So this is what I don't get: if our oldest Americans are so clueless about computers and digital technology and claim they can't learn to use any of it because it's new and strange and confusing, AND these are the Americans who beat Hitler's master race, then... wait for it... what the hell are the old people like in Germany?

Do German librarians work with even stupider people than we do? How did America beat the German Army or the Nazis? You know, the cool looking Germans who held their cigarettes upside down and wore monocles and polished their black leather boots until Colonel Hogan could read the latest secret codes in the reflection. One would think it's because we were better or smarter. Hell, we broke the Nazi code. Or maybe that was all just something that Hedy Lamarr did.

So this Greatest Generation can't figure out email, but they deciphered the Enigma machine. Where does that leave the German former soldiers, the defeated? Does this make them completey incompetent? Or something else entirely?
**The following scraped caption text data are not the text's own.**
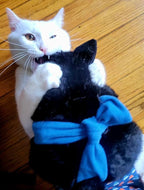 Cat Wrestling Glove Puppet Toy – Interactive Hand Mitt with Durable Protective Sleeve and Catnip - Play & Enrichment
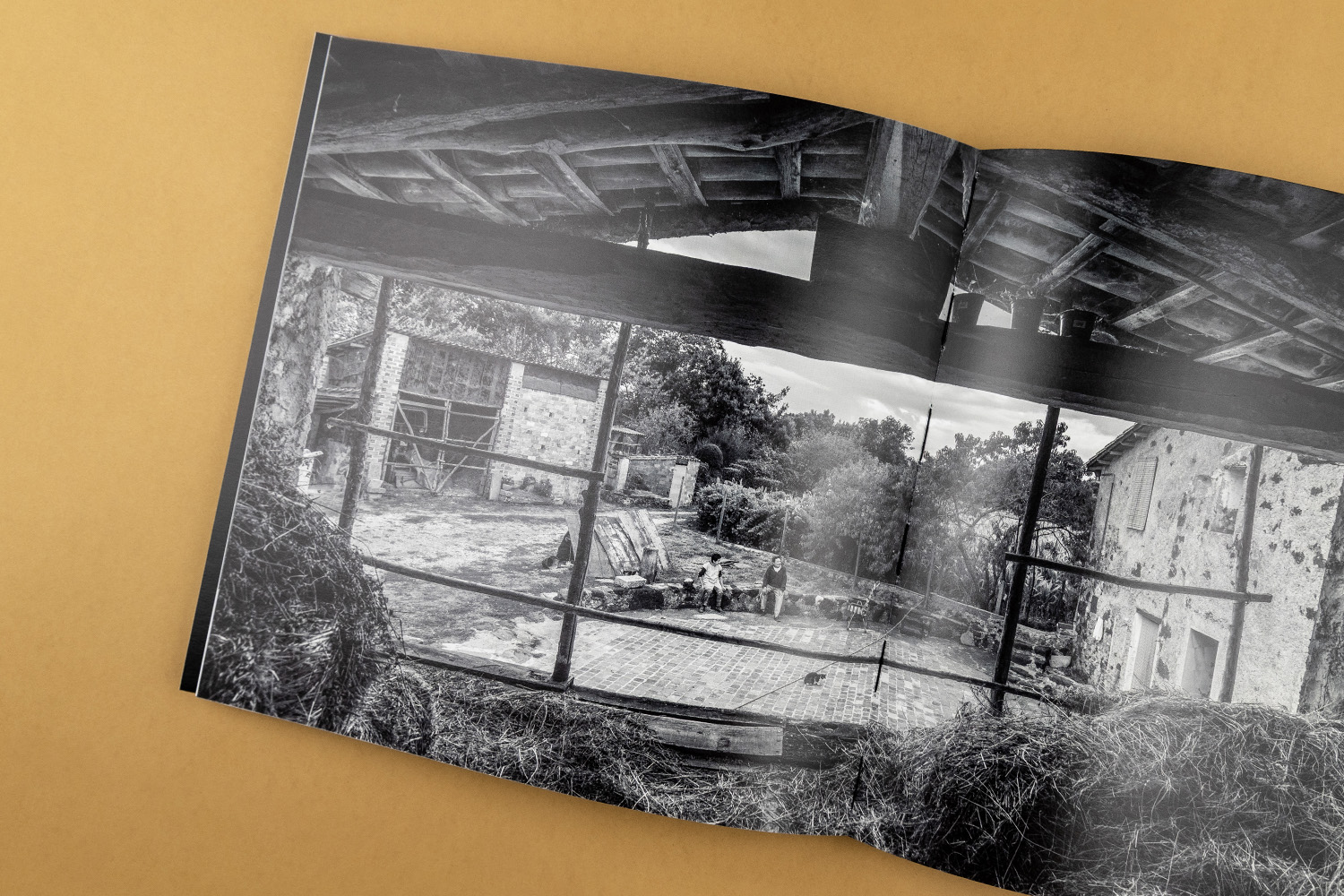 Fotollibre Pep Sau Catàleg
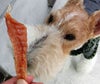 【 犬 おやつ 国産 】HAVIT ハビット 鶏ささみ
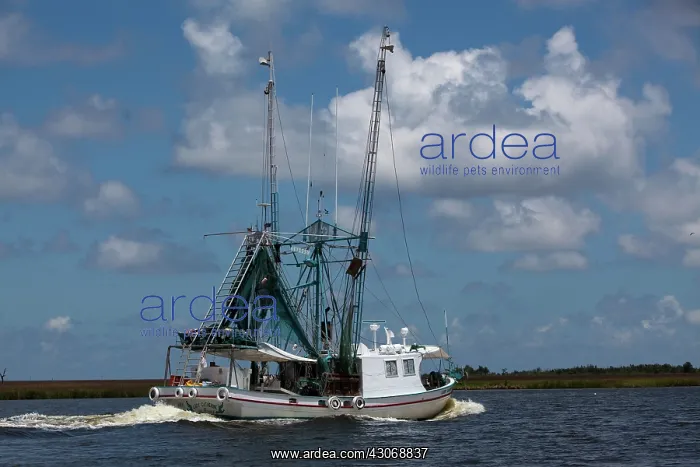: Gulf Shrimp Boat : Gulf Shrimp Boat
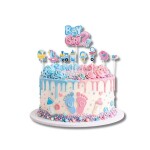 Dortisimo Zápich do dortu Boy or Girl?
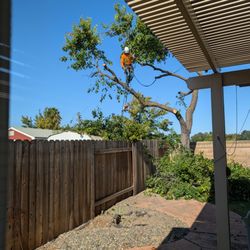 Tree of Life Service - Tree almost gone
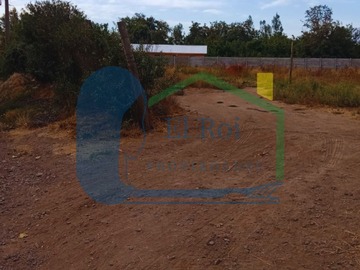 Imagen 5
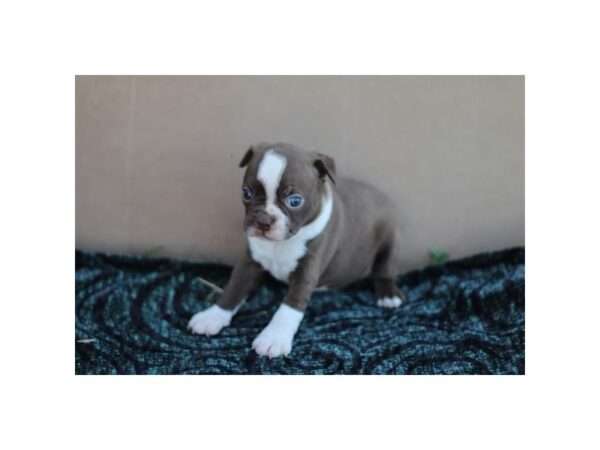 Boston Terrier – 3829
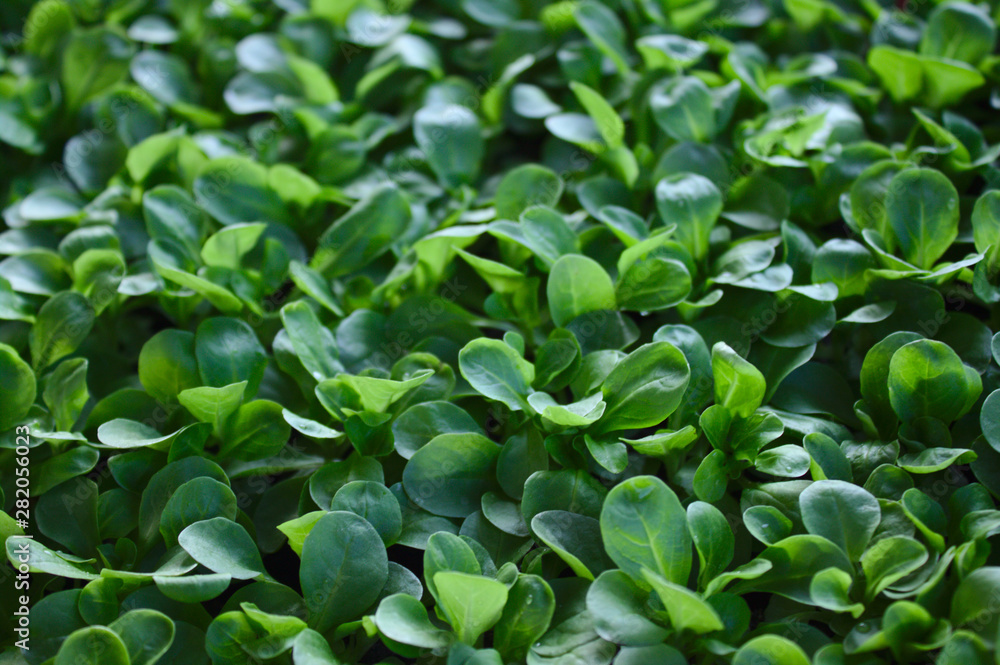Ackersalat Ackersalat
Based on what I learned from movies, I know Hitler was fascinated by the occult. Maybe German librarians face completely different problems from their aged veterans.

I can almost hear someone telling this to their confused patron and former Nazi: 
"Sie können keine anhängen foto mit the Spear of Destiny." Or, You cannot attach a photo with the Spear of Destiny.

Or worse yet, but would probably only happen once, "Ich kann nicht helfen, I can't help you to email the Ark of the Covenant because I will need to cover my eyes when you open it."